According to this new Chrome DevTools feature, as a website owner, you should pay attention to:

  • Adjusting the font size to the screen size.
  • Adding a viewport meta tag to optimize your pages for mobile screens.
  • Using the HTML <title> element.
  • Using the HTML <meta name=”description” content=”x”> tag.
  • The status code (if you want the page to be indexed, it should respond with the status code 200).
  • Using descriptive anchor texts for internal linking.
  • Using valid rel=”alternate” hreflang=”x” tags.
  • Using valid link rel=”canonical” href=”x” tags.
  • Making certain a page isn’t blocked from indexation with the meta name=”robots” content=”noindex” tag.
  • Avoiding plugins.

The last recommendation is unclear and, unfortunately, Google doesn’t provide further explanation regarding this issue. I hope it will be developed in future releases.

You can see for yourself that SEO Quake also checks most of these things:

However, there are a few differences:

  • SEO Quake checks many more factors; however, some of them are outdated.
  • SEO Quake doesn’t check for font legibility.
  • SEO Quake doesn’t check how descriptive the anchor texts are. Although it provides information about the anchor text for every link, so you can check it.
  • SEO Quake checks the <html lang=”x”> attribute, but doesn’t check hreflangs.
  • SEO Quake doesn’t check if a specific page is available for indexation, it only checks if there is a robots.txt file uploaded.

The last one is the most important difference in my opinion – it’s easy to overlook the fact that a page is blocked from indexation in the search engine. However, it would be great if Lighthouse was also checking if a page is blocked in the robots.txt and if it has a canonical tag to another page (these things influence indexation as well).

I chose SEO Quake for the comparison with Google Lighthouse as it was the first tool that came to mind, but I am not saying it’s the best. There are many, many more browser extensions, and free and paid tools that cover the same features.

The Google Lighthouse SEO audit also recommends you check if a page is mobile-friendly using the Mobile-Friendly Test and validate the structured data through the Structured Data Testing Tool and the Structured Data Linter.

In conclusion

The new Google Lighthouse SEO audit report is definitely not revolutionary. It brings attention to some of the SEO factors that could already be found in Google’s Guidelines from many years ago.
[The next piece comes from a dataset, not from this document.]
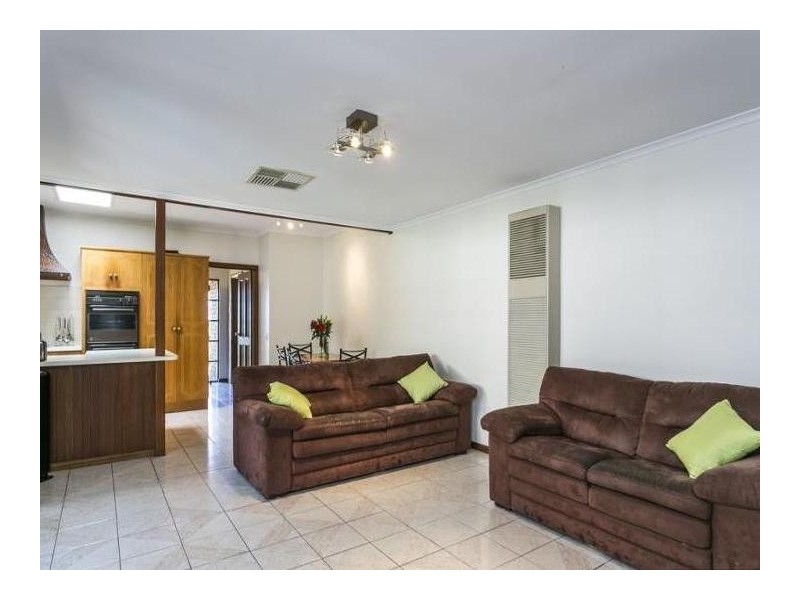 16 Lapwing Street, Hallett Cove SA 5158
As an SEO Specialist, it probably won’t be useful. SEOs have quite an extensive set of favorite tools and this specific Lighthouse report doesn’t provide any additional value. Another thing is that we rarely check on-page SEO factors on a page level. However, if you are a website owner or a developer of a small to a medium-sized website, this new report may prove to be helpful. Even if you already know Google’s Guidelines, you may sometimes wonder if you are implementing them right. The newest version of Lighthouse will give you clear, albeit limited, feedback on that.